In the next two stanzas, Eliot continues to contrast the church with the hippo. Eliot goes on to say that the Hippopotamus often has problems collecting items necessary for survival because it does not take the proper steps essential for acquiring all that it needs. Here, we see that the Hippo is too lazy and unmotivated to better its position in life. Eliot contrasts this with the church, but once again, his comparisons seem to be deliberately wrong. He states that the church never needs to act in order to receive money from its members. At face value, this may appear to be good, but in actuality, the church is just as lazy and worthless as the Hippo. It does absolutely nothing to acquire money, and it does nothing for society in return. Unlike the Hippo, who can’t even take a mango from a tree, the church takes all that it can from society. Its outstretched arms are capable of collecting dues and contributions from members around the world.

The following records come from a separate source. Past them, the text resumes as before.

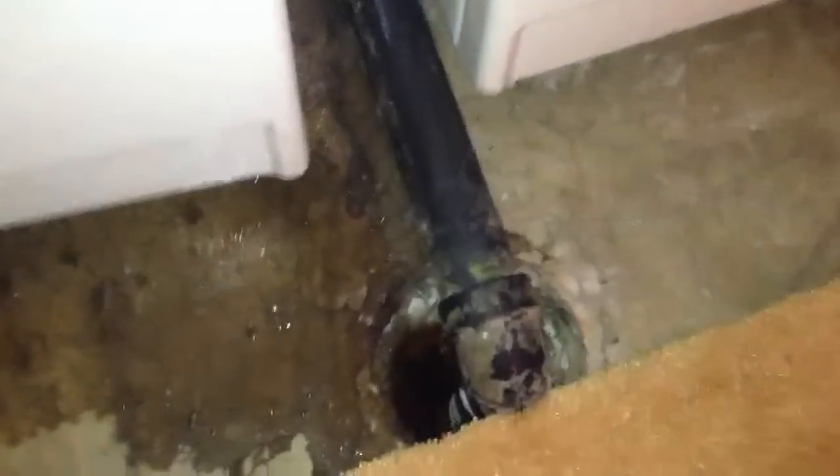All right, let's check this one out. I'll turn the light on here — it's a little dark. A little bit of water, but that's by a drain at least.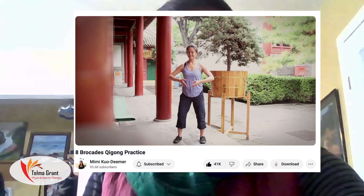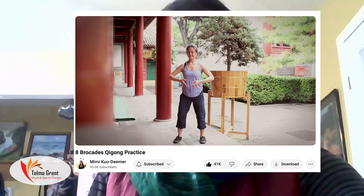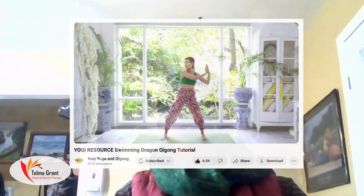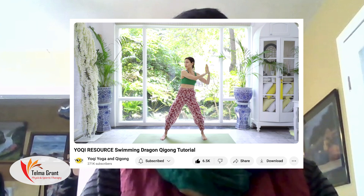The first one is Apricades by Mimi. She's a wonderful instructor out of Great Britain and she has many videos — try this one as your starter. The second one is Swimming Dragons, and it's by Marissa.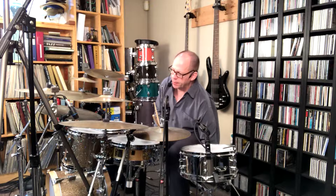Howdy and welcome to another video. Last video that I did — and hopefully you've looked at it, but if not you can certainly check it out — was about setting up your drums to get to them in the best way possible, that is with the most amount of ease.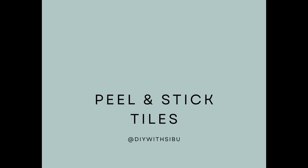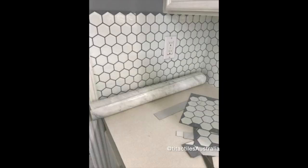Peel-and-stick tiles — this is one I've never done before but I've seen other DIYers do it, and it's an amazing way to update your space without breaking the bank. When your lease ends and it's time to leave, you can just peel them off and the place is back to normal. You can update the backsplash of the kitchen or the bathroom walls. Takealot, Builder's Warehouse, Tiles and Bath, and Leroy Merlin all have peel-and-stick tiles.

In the last three stanzas of the poem, the reader can see that the Hippo has been taken into heaven with a lot of praise and glory despite its apathy and laziness:
I saw the ‘potamus take wing…
And quiring angels round him sing
The praise of God, in loud hosannas…
Among the saints he shall be seen
Performing on a harp of gold.
He shall be washed as white as snow,…
In spite of the Hippopotamus’ lack of ambition and worthlessness, God has forgiven him and has taken him into heaven. The Hippo is a symbol of the most inactive and lazy being on this planet, and yet, it makes it to heaven while the church must remain on earth. Eliot is showing the reader here his belief that the church is extremely corrupt; so bad that it does not deserve to enter heaven.
It is in this way that T. S. Eliot shows the reader his idea that the church is so awful that its leaders don’t even deserve to enter heaven. By comparing the church to a Hippopotamus, we can see that the church is even more unscrupulous than the lowest and most worthless creature on earth. If a hippopotamus-like person can make it into heaven but a church member cannot, we can see how wretched and sordid the church really is.